Грозит кому-то кулаком.

- Я по указке американцев своих убивать не буду! Я — русский офицер!

Смотрит на меня меня, но я не удивлен, меня часто психи замечают. Не знаю почему им кажется что я идеальный слушатель их бреда. Может пахнет от меня чем-то таким? Безошибочно находят меня в толпе, подсаживаются, делятся своими жизнями.

- А? — ехидно морщится. — Голосовали за своих бандеровцев? А?

- Мне, -говорю,- с вами говорить не интересно, и не о чем.

- Ааа.- Понимающе кивает. — За блядь свою голосовали. Ну уж простите.

Пытается раскланяться.

- А вот скажите, — интересуюсь, — а то что вы пьяный в общественном транспорте посреди дня пассажирам мешаете, это американцы виноваты или это вас в афгане этому научили?

Это по больному. Кричит. В основном, мат, но есть и здравые мысли — например, выйти на остановке и набить мне морду.

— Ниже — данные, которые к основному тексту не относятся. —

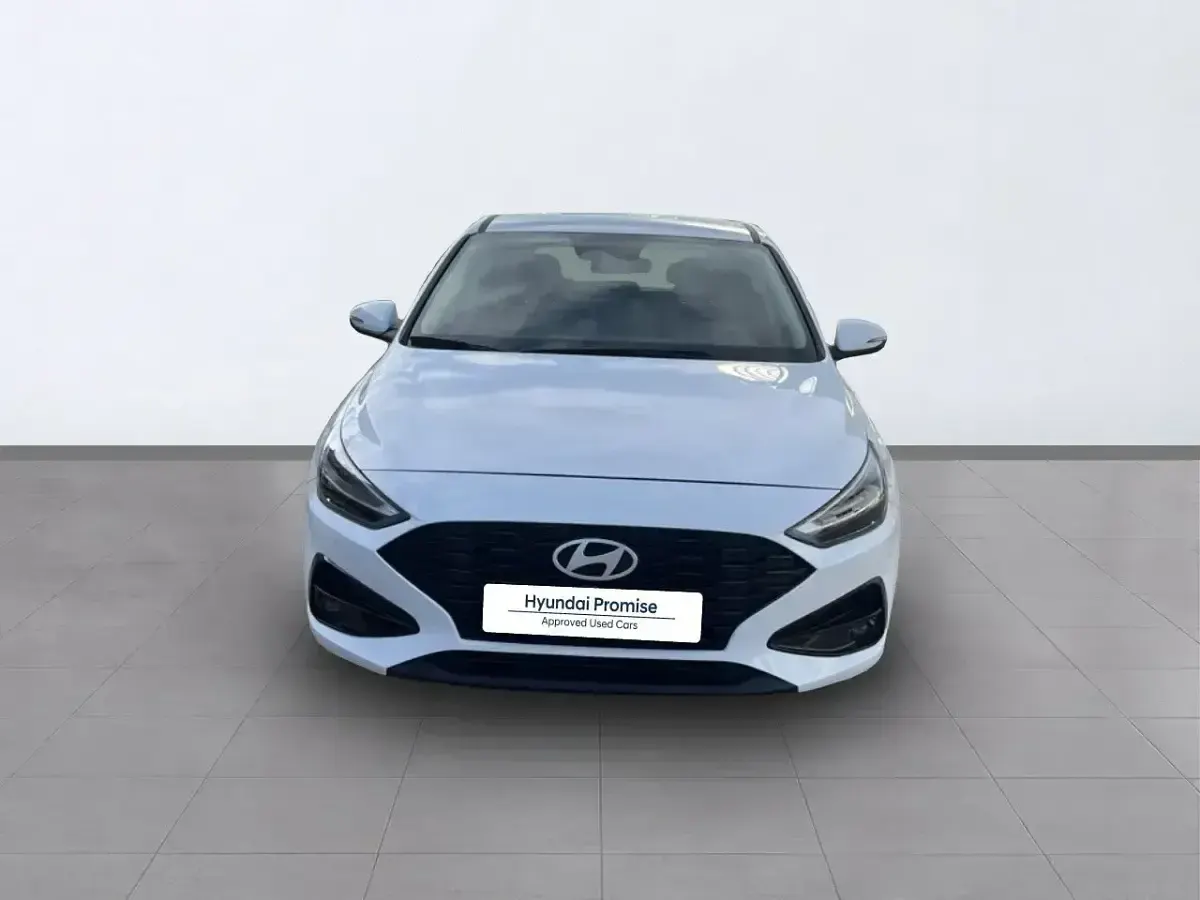 Usado Hyundai i30 N Line 100 CV (73 kW) 2024 Blanco Berlina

Говорю все что думаю о нем, совке, юлях-хуюлях и предлагаю выйти на две остановки дальше, чтоб ближе к вокзалу. Одесса — Рязань скоро отходит, переживаю что опоздает. Снова предлагает выйти прямо сейчас и сойтись в ратном мастерстве, но все так же продолжает сидеть. Вмешивается женщина и обещает что если он не выйдет, она его сама выкинет. Она, наверное, с ним с конечной едет. Офицер еще раз попытался раскланяться, уже более успешно, даже нагнулся немного вперед. Или я путаю, и этого его просто штормило? На следующей остановке он вышел.

***

Еще был дедушка в трамвае. Он как-то очень грустно вздохнул и сказал непонятно к кому обращаясь:

- Европа? Да кому мы нужны в той Европе.

И опять вздохнул.

Хорошо его запомнил. Хотя вроде бы — обычный дед, который разговаривает сам с собой в трамваях.

***

Или вот говорил с одним уважаемым патриотом, местами националистом и кое-где даже революционером. Если в интернете любой продолжительный разговор заканчивается Гитлером, то при беседе патриотов все сводится к Моисею.

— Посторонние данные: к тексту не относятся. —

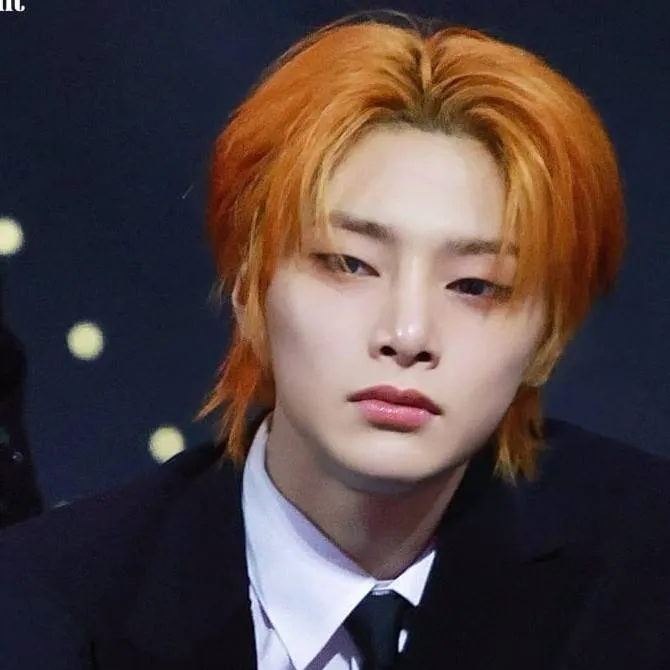 chat with ai character: Yang Jeongin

- Взять их всех, — говорит, — и в пустыню на 40 лет. Пока старые совки не передохнут ничего не будет.

- Не жалко?

- Не жалко.

- А мне жалко. У них и выбора особого нет. Думают — как научили, едят — что достанут, живут — как могут.

- Жить как могут, они могут только не давая жить другим. — Выдает знакомый сомнительный каламбур. — Ну да, пусть жалко, да. Но пока мы продолжаем жить в их прошлом, своего будущего у нас не будет.

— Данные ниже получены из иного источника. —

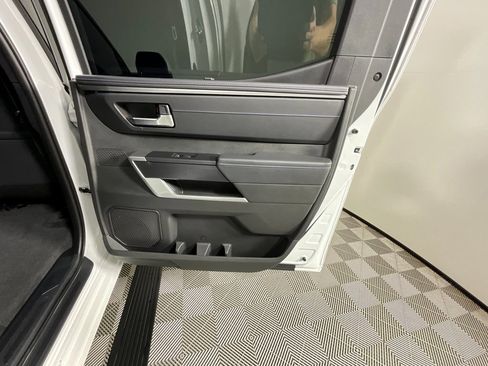 Used 2025 Toyota Tundra Platinum image 24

Тут я, понятно, согласен. И все же — 21-й век, -думаю,- американцы гравитационные волны ловят, японцы холодильники с искусственным интеллектом собирают, а мы все еще с призраками прошлого боремся. И не замечаем как и сами превращаемся в призраков. Кто знает, о чем мы через 40 лет будем сами с собой разговаривать в трамваях?